Dr. Dobb's | Programming Language Format String Vulnerabilities

Programming Language Format String Vulnerabilities

Are C/C++ the only languages with security vulnerabilities? What about Perl, PHP, Java, Python, and Ruby?

February 02, 2007
URL:http://www.drdobbs.com/security/programming-language-format-string-vulne/197002914

Hal is a Vulnerability Research at CERT. He can be contacted at www.hburch.com.
Robert C. Seacord is Senior Vulnerability Analyst for CERT/CC. He can be reached at [email protected].

Although not as well known as other vulnerability types such as buffer overflows, format string vulnerabilities have been known to exist in C and C++ programs since at least 1999, when a format string vulnerability was found in AnswerBook2 (cve.mitre.org/cgi-bin/cvename.cgi?name=CVE-1999-1417). Formatted output became a major focus of the security community in June 2000, when a format string vulnerability was discovered in the Washington University ftpd (WU-FTPD) software package (www.kb.cert.org/vuls/id/29823).

But format string vulnerabilities are not limited to programs written in C and C++. Other languages that include format strings include Perl, PHP, Java, Python, and Ruby. While these languages are relatively immune from buffer overflows because they maintain dynamic arrays and strings for programmers, programs written in them may still contain format string vulnerabilities.
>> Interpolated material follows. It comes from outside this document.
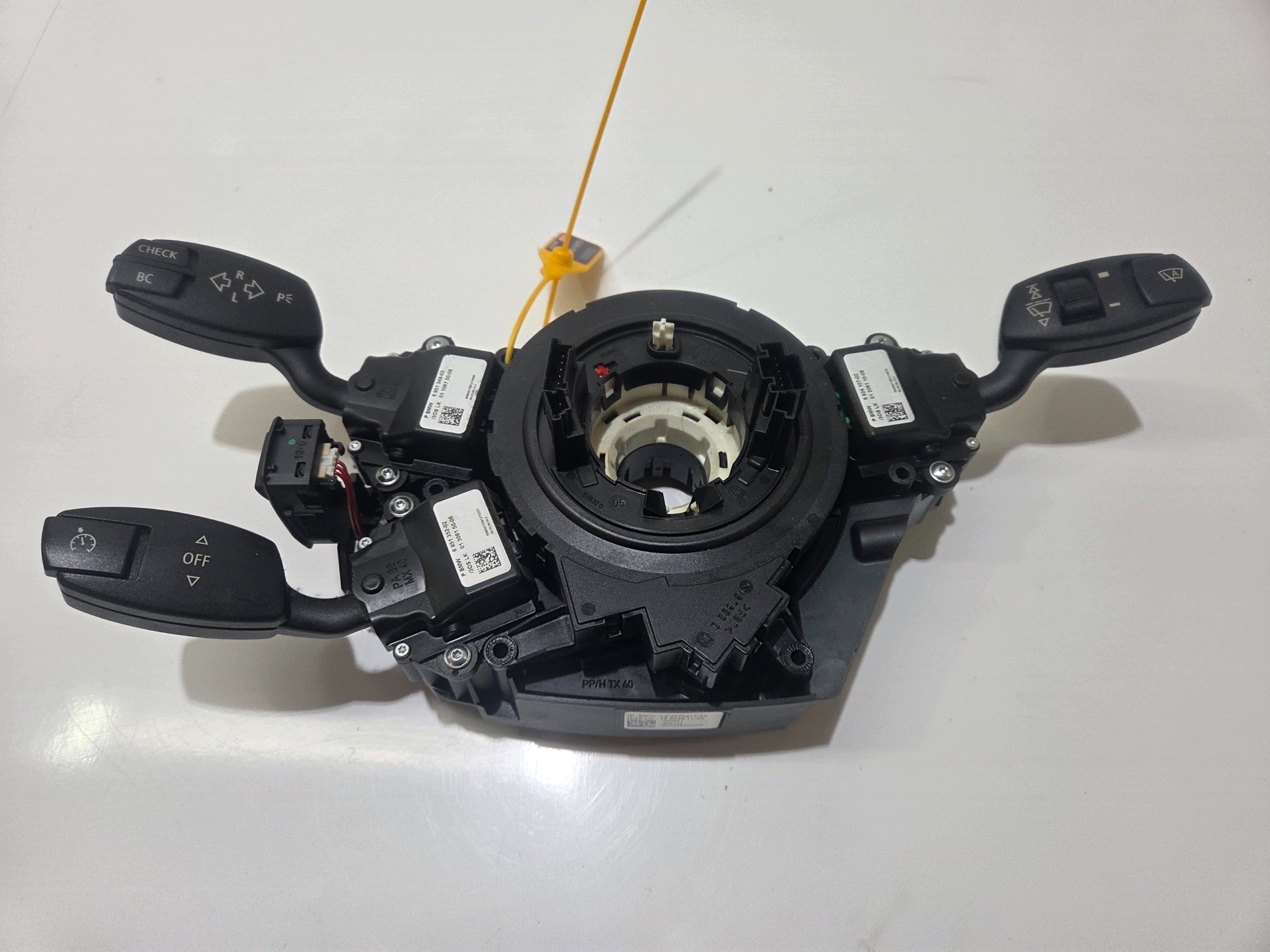 commande levier commodo sous volant BMW E61 9170217 chauffant volant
Format string vulnerabilities result from including data from an untrusted source, such as a user, in a format string. Format strings are used by input and output routines to specify a conversion between a character string and a set of data values. The following example shows how the C function printf() accepts a format string and a set of values:

printf ("%s Pop: %11d\n",
    country, pop);

and produces a string:

United States Pop:   295734134

In the format string, the % begins a conversion specification. This is followed by a set of formatting parameters and the data type. The %s conversion specifier instructs printf() to output a string value (the value passed as an argument). The %11d conversion specifier instructs printf() to output a decimal value (the "d") in an 11-character field. Format strings can be much more complicated, including flags, precisions, length modifiers, and even variable widths specified in parameters.
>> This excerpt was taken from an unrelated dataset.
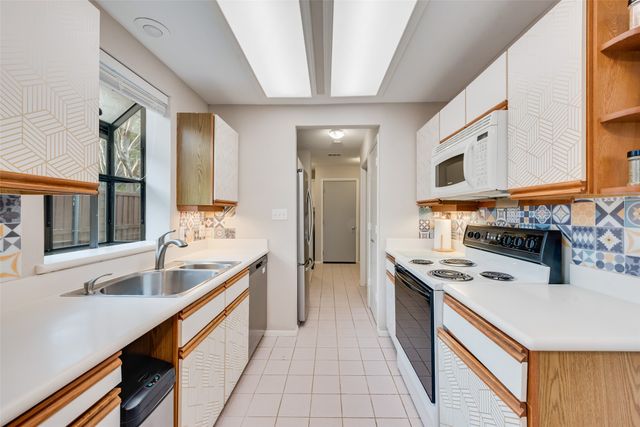 805 Edgefield Drive, Richardson, TX 75080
Directly including user input in a format string lets an attacker inject format specifications into the format string. This is particularly problematic in programming languages that support the relatively unknown %n specification. This unusual specification causes the number of characters successfully written so far to be stored in the integer whose address is given as the argument. If attackers can write data values to memory, they can often leverage that to gain control of the system. Even if the language does not support %n, an attacker may cause the format string to include more specifications than parameters. Depending on what stack protection exists in the language, an attacker may be able to access private data, avoid logging, or crash the program. (Writing exploits for a format string vulnerability is beyond the scope of this work. For a more detailed explanation, see Robert Seacord's Secure Programming in C and C++; Addison-Wesley, 2005.)

Format string vulnerabilities often result from a programmer being unaware that a particular routine takes a format string. For example, you can write:

snprintf(str, sizeof(str),      "Wrong password for email %s",
        email);
syslog(LOG_WARNING, str);

Unfortunately, the syslog() routine uses its second parameter as a format string. As a result, if an attacker inputs an e-mail of "webmaster%s%s%s%[email protected]", syslog() looks for parameters to interpret the %s conversion specifiers in the format, most likely resulting in the program crashing. A more advanced attack may use %n to gain control of the system.
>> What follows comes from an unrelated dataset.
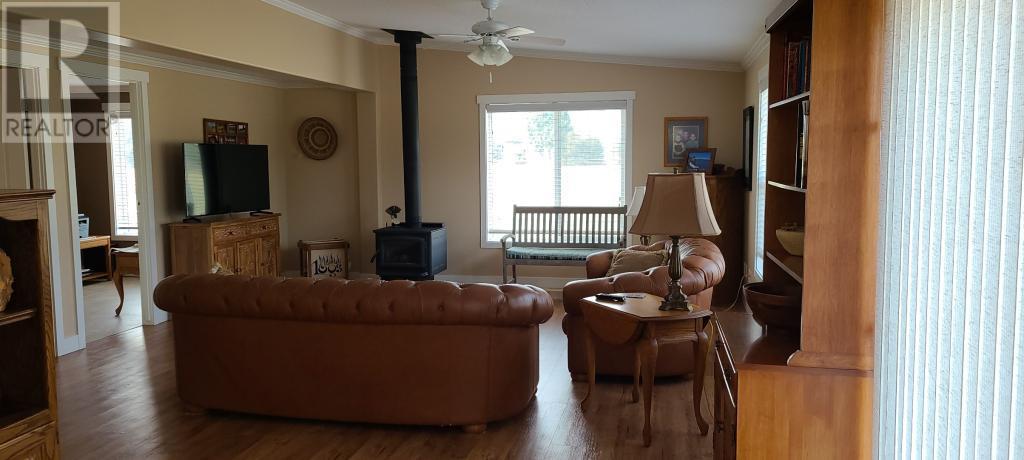 Photo 36 of 72 Tomkinson Road, Grindrod BC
Another common source of format string vulnerabilities is when you need to write an error to more than one location. For simplicity, you may construct the string using snprintf() and then use one routine to print the message to a log and another routine to output the message to the end user in some way, such as in a message box. If either routine allows for format strings, you must be careful to include the format specification in the call:

fprintf(log, "%s", logmessage);

instead of neglecting it as in the following call:

fprintf(log, logmessage);

The first invocation is the correct one, avoiding a format string vulnerability by specifying that a string (%s) should be outputted and then providing that string. Because the second is shorter and may correspond to how you are thinking about the desired behavior, you may write the statement in this fashion without considering the consequences.

In this article, I explore the potential consequences of format string vulnerabilities in Perl, PHP, Java, Python, and Ruby programs.

Perl

The Perl programming language is commonly used for web applications, among others. Perl provides stack checking and other security features that make many types of vulnerabilities that are common to C programs simply not possible. Moreover, Perl provides a taint mode that marks data from untrusted sources as tainted. Some operations, such as running system commands, are not allowed on data marked as tainted. While this prevents compromise, the Perl interpreter's behavior in such cases is to exit with an error message. These protections do not, however, eliminate the possibility or risk of a format string vulnerability in Perl.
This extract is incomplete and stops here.